Tim Cook is well-equipped to lead Apple to even greater heights

Fri, Sep 9, 2011

Analysis, News

PC Mag recently asked a question on the minds of many – How will Tim Cook lead Apple following the resignation of Steve Jobs?

In answering the question, the report relays that Cook was formerly the man behind the scenes that made Apple tick. While no one can compete with Jobs’ level of foresight and talent as a visionary, the following excerpts describe Cook as someone more than capable of running Apple. Jobs certainly wasn’t going to leave Apple’s future up in the air and it’s no coincidence that Cook has gotten the call to fill in for Jobs each and every time the Apple co-founder has had to take a leave of absence.

“Tim Cook is the person who really runs Apple,” one ex-Apple employee told PC Mag. “He’s very organized. Apple is such a seamless operation, and it’s all Tim Cook.”

Interestingly enough, though hardly surprising, a Steve Jobs deposition from 2008 had Jobs referring to Cook as an “ultra key executive.”

That get-it-done approach has clearly guided Cook over the last decade as Apple made massive changes (among them: getting into the mobile market, switching its MacBook microprocessors from IBM to Intel) and the company made it look easy. A lot of what Cook has done has allowed Apple to be very aggressive with iPad pricing, for example, leaving its tablet competitors with little room to stand out.¬†Thanks to the company’s enviable supply chain and its popular retail stores, Apple can sell them for (relatively) cheaply, while still reaping handsome profits.

The one downside to Cook, if you can even call it that, is that he perhaps lacks Jobs’ uncanny ability to predict where the technological compass is going to point. But to be fair, what other CEO on the planet could ever match Jobs in that regard?

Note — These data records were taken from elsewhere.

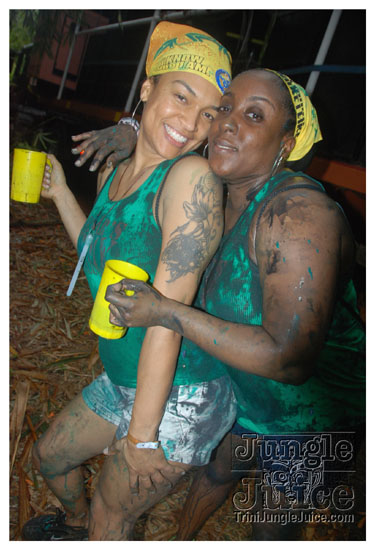 am_bush_mar6-060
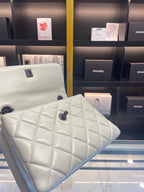 LO - CHL Bags - 2223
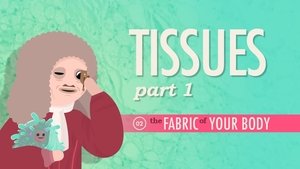Episodio 2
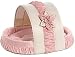 Shou Basket Pet Bed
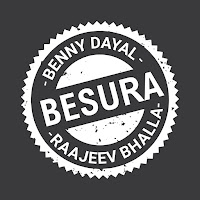 Benny Dayal, Raajeev V Bhalla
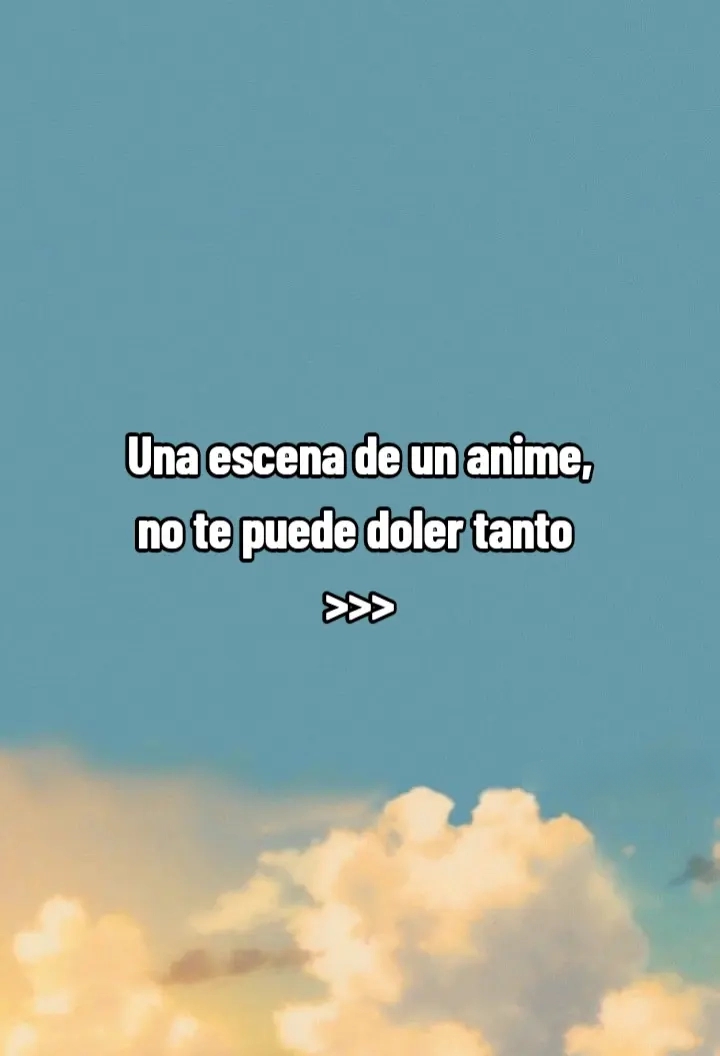 @PiwiSenpai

Besides, it’s not as if Jobs alone steered the Apple ship. While Jobs of course had final say about the company’s trajectory, Apple’s course was no doubt fueled by Apple’s brain trust coming together and, more often than not, reaching a mutually agreeable consensus.

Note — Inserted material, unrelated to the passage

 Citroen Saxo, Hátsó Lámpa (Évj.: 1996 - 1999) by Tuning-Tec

While Cook is not nearly as outspoken as Jobs, Apple fans should be reassured that Cook is as passionate about Apple as anyone and isn’t hesitant to fire a few barbs at the competition. Pre-iPad, Cook would routinely bash the entire Netbook category only to have Apple utterly decimate it with the arrival of the iPad. More recently, Cook scoffed at the lineup of Android-based tablets looking to take on the iPad, calling them “vapor” because at that point no Android 3.0 tablets were even available in stores.

The aforementioned ex Apple employee further chimes in:

I like Tim Cook a lot, but I don’t see him as that visionary guy. Someone within the organization will become the future visionary person. There are a lot of power struggles going on at Apple right now.

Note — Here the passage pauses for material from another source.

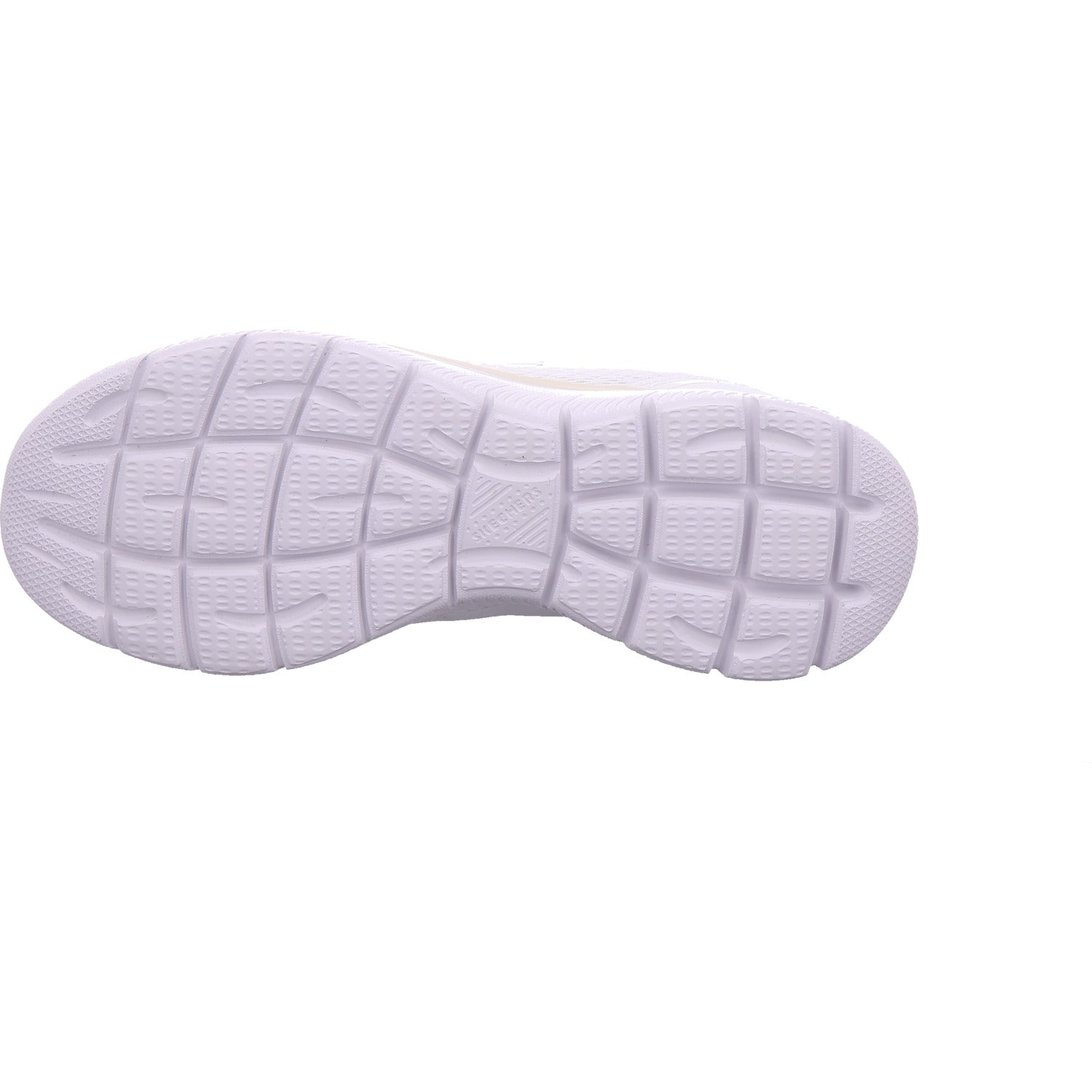 SKECHERS Damen Sneaker Summits Quiet Dream in weiß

Who’s to say, but we’re somewhat skeptical.

First and foremost, Jobs is still alive and not out of the picture. For whatever reason, people are taking Jobs’ resignation as if he up and died. Not only is he alive, but well-sourced reports suggest he’ll remain actively involved in the company, albeit in the role as a chairman involved in the company’s long-term product strategy.

Second, Jobs commands so much respect at Apple that it’s more likely than not that Apple employees will respect Jobs’ presumably handpicked successor as CEO. Besides, Cook’s previous selection as interim CEO of Apple didn’t result in any internal power struggles as far as we’re aware of.

Third, Cook isn’t masquerading around as a visionary. He has his strengths and he will play to them. Apple has a deep bench of talented designers, executives, and engineers that will work together to plot Apple’s future course.

And fourth, many of Apple’s upcoming products are already mapped out and it will be up to Cook and co. to implement them seamlessly and successfully into the marketplace.

Apple’s product strategy for the next couple of years is no doubt in place, and in the short term, Cook’s Apple will look very similar to Jobs’. Anyone hoping the transition could lead to Flash on iOS or less secrecy from Apple’s Cupertino base can pretty much forget it.

The reality is that any changes at Apple won’t be evident until Jobs’ input at the company is wholly removed from the company. And even then, the reverberations, if any at all, resulting from the absence of Jobs won’t be felt for years.

For time time being, Apple has a new CEO and if the past is any indication of the future (and it always is), Apple is in fine hands. We have no doubt that Tim Cook is more than qualified to lead Apple to even greater heights.